In den „Kriegsfahrten deutscher Maler“ (1915) betont Theodor Rocholl den Einfluß der begeisterungsfähigen Kriegsfreiwilligen (Brief vom 3. Juni 1915): „Das Regiment lag seit Stunden im vollen schweren Granatfeuer unweit des Aisne-Kanals und hatte große Verluste. Aber es hieß: ausharren, komme was da wolle. Die Sonne schien heiß. Die Granaten kamen mit jeder Sekunde toller, und es war kein Ende abzusehen. Die Stimmung wird immer unerträglicher. Und bei zahllosen, vor wahnsinnigen Schmerzen wimmernden und sich krümmenden Opfern scheint es nur eine Frage weniger Minuten und die Standhaftigkeit, die das Regiment nun schon so oft bewiesen, wird immer mehr auf die Probe gestellt. Da tönt – erst leise und zaghaft, dann laut und helle durch all das Stöhnen der Sterbenden und das Jammern der Schwerverwundeten – die Stimme eines blutjungen Kriegsfreiwilligen, dessen Feuertaufe dieser Tag war, „0 Deutschland, hoch in Ehren“, und alles Klagen verstummt vor der Stimme dieses Jünglings, und aller Augen ringsum suchen nach dem Sänger, und Aktive, Reserve und Landwehrmänner legen die Hand wie schmeichelnd an ihr Gewehr, schieben Patronenrahmen nach Patronenrahmen hinein und halten aus, bis der Abend naht und mit ihm die Ablösung.“

Nach all diesen erhebenden Zeugnissen läßt sich sagen, daß Bismarcks vorahnendes Wort von dem Lied als Kriegsverbündeten des deutschen Volkes wunderbar in Erfüllung gegangen ist. Das Lied wirkt anspannend während des Marsches, beim Vorrücken, entspannend nach dem Marsch oder Gefecht, im Lager, in der Ruhestellung. Das eigentliche Soldaten- und Marschlied spornt an, rafft auf und mindert die Anstrengungen, das Nationallied begeistert und feuert zur Höchstleistung, zum Einsatz des Lebens an; im heimatlichen Volkslied und Choral ebbt das erregte Gefühl ab und führt zum Ausgleich. Die letzte Wirkung des Liedes ist immer eine ethische. Man täusche sich nicht darüber, daß der Krieg trotz aller Erfolge im großen, aller Heldentaten im einzelnen unvermeidbar seelische Abstumpfung zur folge hat.

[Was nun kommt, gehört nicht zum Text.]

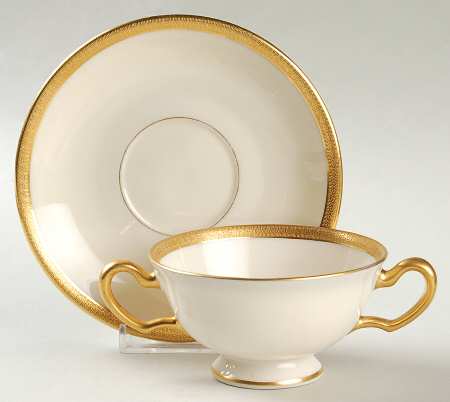 R4 Footed Bouillon Cup & Saucer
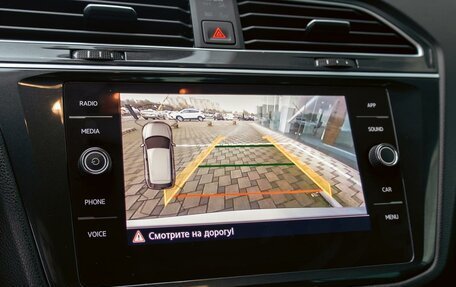 Volkswagen Tiguan II, 2019 год, 2 045 000 рублей, 14 фотография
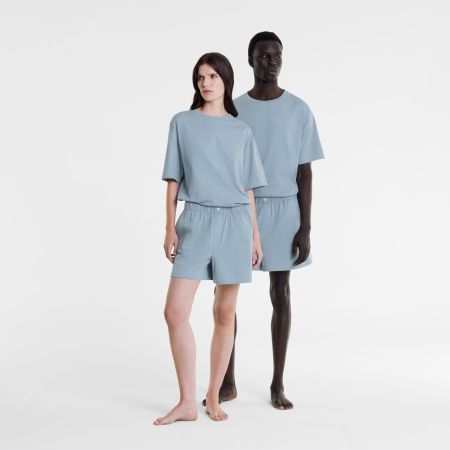 Our first model is 179cm and is wearing a size Small, Our second model is 191cm and is wearing a size Large.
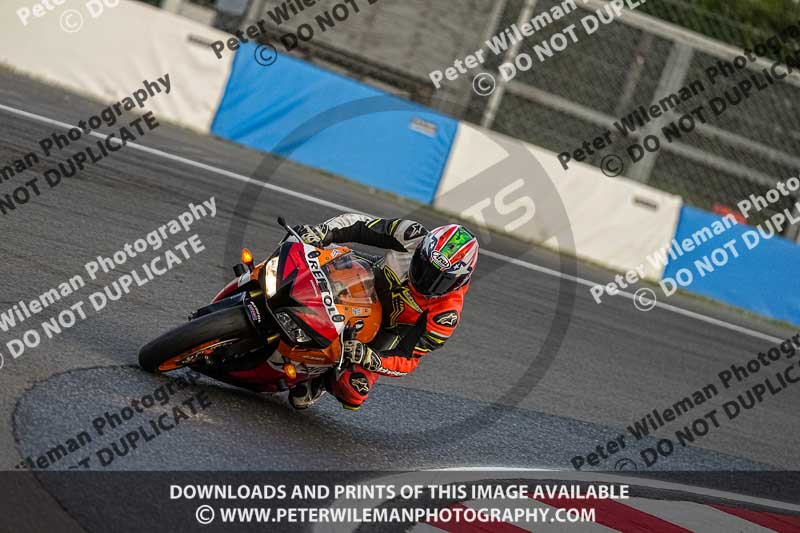 donington no limits trackday;donington park photographs;donington trackday photographs;no limits trackdays;peter wileman photography;trackday digital images;trackday photos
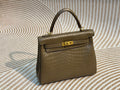 Hermes Olive Alligator KELLY 25 WITH GOLDHARDWARE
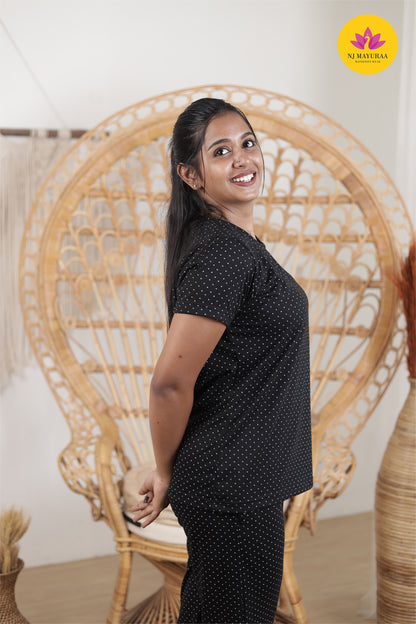 NARAYANI 37 - LADIES LOUNGE NIGHT WEAR SET WITH ROPE AND PACKET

Der Gegensatz zu den Anschauungen des Friedens ist eben zu groß, um ganz ohne Nachteil überwunden zu werden (Vor dem Kriege lehrte man: du sollst nicht töten, im Kriege: du mußt töten, um nicht getötet zu werden). Bei der hohen Kulturstufe unseres Volkes und seiner starken sittlichen Reserve darf man ohne nationale Überhebung aussprechen, daß die schädlichen Nebenwirkungen des blutigen Kriegshandwerkes sich auf ein Mindestmaß beschränken und beschränken werden. Dazu hat auch der von unsern Gegnern bewunderte Gesang unseres Heeres an seinem Teil mitgewirkt, als ein ethisches Heilmittel, denn jedes der bedrängten Menschebrust entströmte Lied ist eine Selbstbefreiung vom Leid, eine Erhebung über das Gemeine und Rohe, ein Sehnsuchtsruf nach Freude und Glück, eine Minderung egoistischer Triebe und ein leises Hervortreten reiner und wahrer Menschlichkeit….

Professor Dr. Hermann  Tardel , Gymnasiallehrer und Volkskundler : Die Macht des deutschen Liedes im gegenwärtigen Kriege , in: Preußische Jahrbücher , Jg. 1916, S. 75 f.. 77, 81, 82, 87 f., 89 f.